For instance, over 15,000 years ago, Earth’s temperature rose, triggering a deglaciation period that caused the western side of the Greenland Ice Sheet to suddenly melt and vanish. A team of scientists with the Baffin Bay Deglacial Experiment are on a mission to figure out the timeline and mechanics of this event. The team’s efforts were recently featured in an award-winning documentary film.
“To a lot of people, it’s just mud, right?” says Brendan Reilly in the film as he stands in front of a wall of sediment cores – long pillars of dirt drilled from the bottom of the ocean. “I would say not to just a lot of people, to almost everybody, it’s just mud,” says Reilly, principal investigator and co-chief scientist on the project.
Unassuming as it looks, the massive collection of over 19,000 sediment cores at Columbia University’s Lamont-Doherty Earth Observatory was collected from the ocean floor to help researchers investigate the Earth’s past climate.
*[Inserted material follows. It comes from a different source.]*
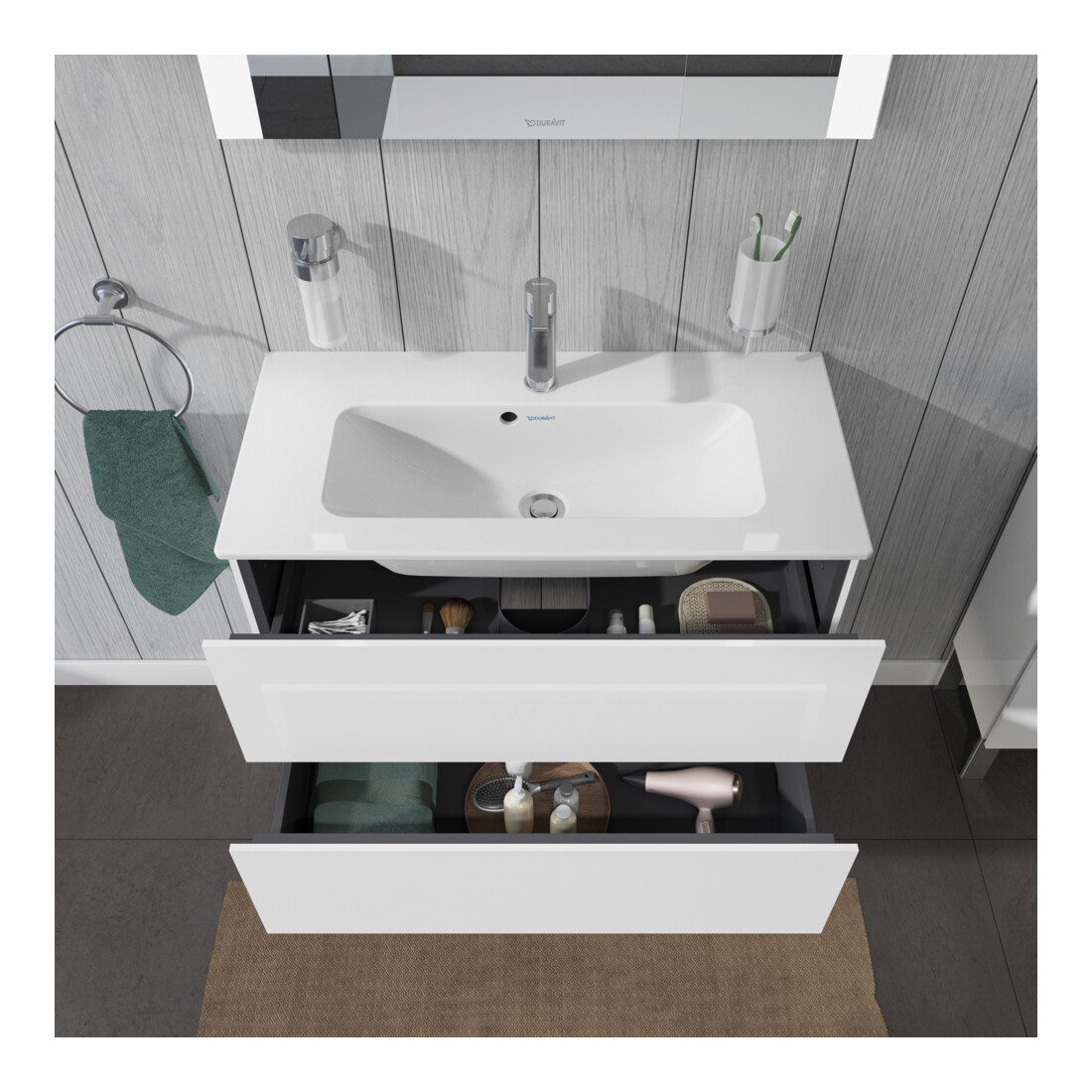 Duravit Meuble sous lavabo Compact L-Cube 82x39,1 cm, blanc brillant, 2 tiroirs, suspendu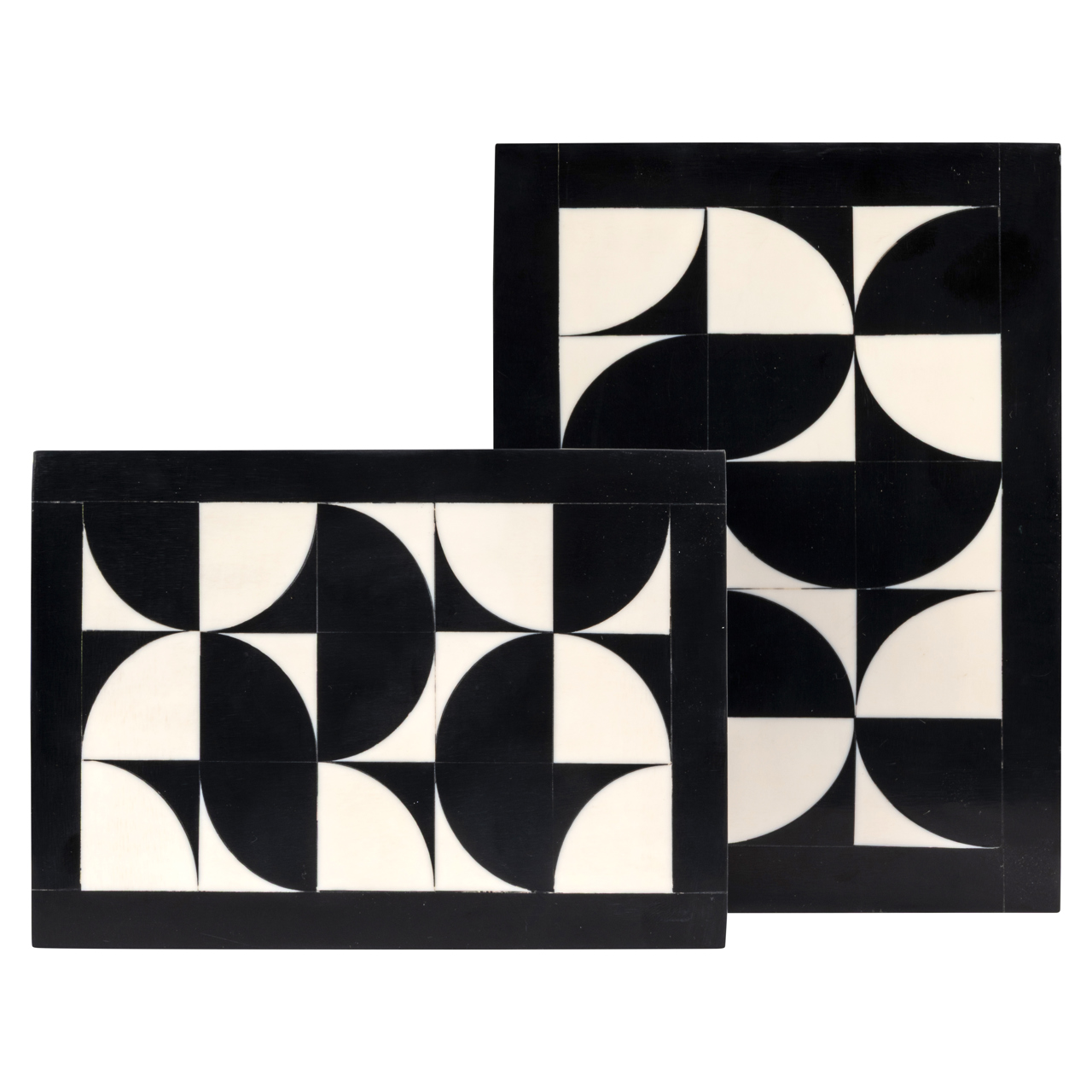 Aufbewahrungsbox Rae black/white (Set of 2)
Every layer of a sediment core holds vital information, like tiny fossils or sediment composition, which gives the team insight into Earth’s climate history.
Filmmaker Georg Koszulinski and his team created the award-winning documentary following the Baffin Bay Deglacial Experiment team as it searches for information. The film captures the team’s journey from drilling ocean floor sediment cores to using those cores to investigate what happened to the Greenland Ice Sheet.
As the planet gets warmer, the team hopes to apply what they learn to better understand the current situation and help forecast future impacts.